Se dio cuenta de que la casi dolorosa excitación que había experimentado cuando las últimas pruebas habían sido exitosas y los pequeños episodios en que su corazón se aceleraba no eran en nada parecidos a un ataque. Ésos habían sido extáticos, una mezcla de placer y dolor. La sensación que sentía ahora en su cuerpo no encerraba placer. El dolor se deslizaba por sus brazos, notaba una opresión en el pecho, pero sin embargo no hizo nada por detenerlo, nada para darlo a conocer. Era parte de su acuerdo con la naturaleza. Había acordado marcharse cuando fuera el momento, y parecía haber llegado. Había cumplido su papel, hallado su destino. El resto iba a ser escrito sin su ayuda. La confusión en su cabeza tenía que ser el modo en que la naturaleza lo ayudaba a irse con facilidad. Con suerte, el dolor cesaría pronto.

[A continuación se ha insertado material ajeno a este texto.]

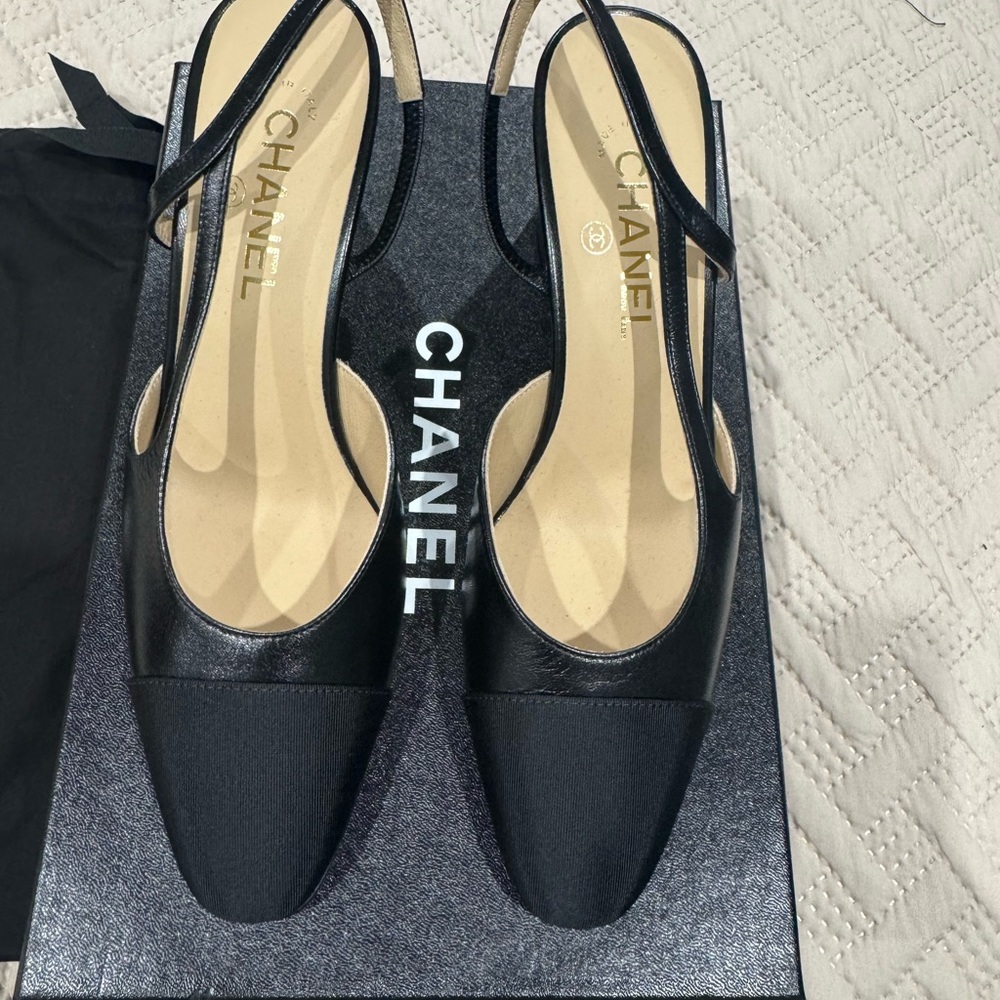 Chanel Black Heels with Slingback Design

No dudaba de que encontrarían todo. Estaba en su despacho. No quería ponerles trabas criptográficas. No había motivo para hacerlo.
Su presencia allí era señal de su éxito. Lo supo en lo más profundo de su corazón enfermo. Le iban a arrebatar los sueños y convertirlo en un demonio por perseguir sus sueños, y luego continuarían en secreto con su trabajo. Ése era el insulto final de Winslow Benson. Se apropiarían de todo: su trabajo, sus sueños, su éxito.
No pudo ocultar una mueca cuando el dolor se intensificó, ni pudo evitar tomar aire, aferrarse a la barandilla para mantener el equilibrio. El brazo no le respondía. No lo podía mover. Y comenzó a caer.
Los agentes lo sujetaron antes de que se golpeara contra la madera, las anchas tablas de castaño que había cortado él mismo.
—¡Papá! ¿Estás bien? —La voz, ya distante, fue seguida por un grito. Un grito de Iris.
Intentó responderle, decirle que todo iría bien, pero su voz sólo resonó en su cabeza. Encerrada allí, con todos sus secretos. Y comenzaron a arrancarle la ropa, a tocarlo, a hablar de él como si ya no estuviera allí.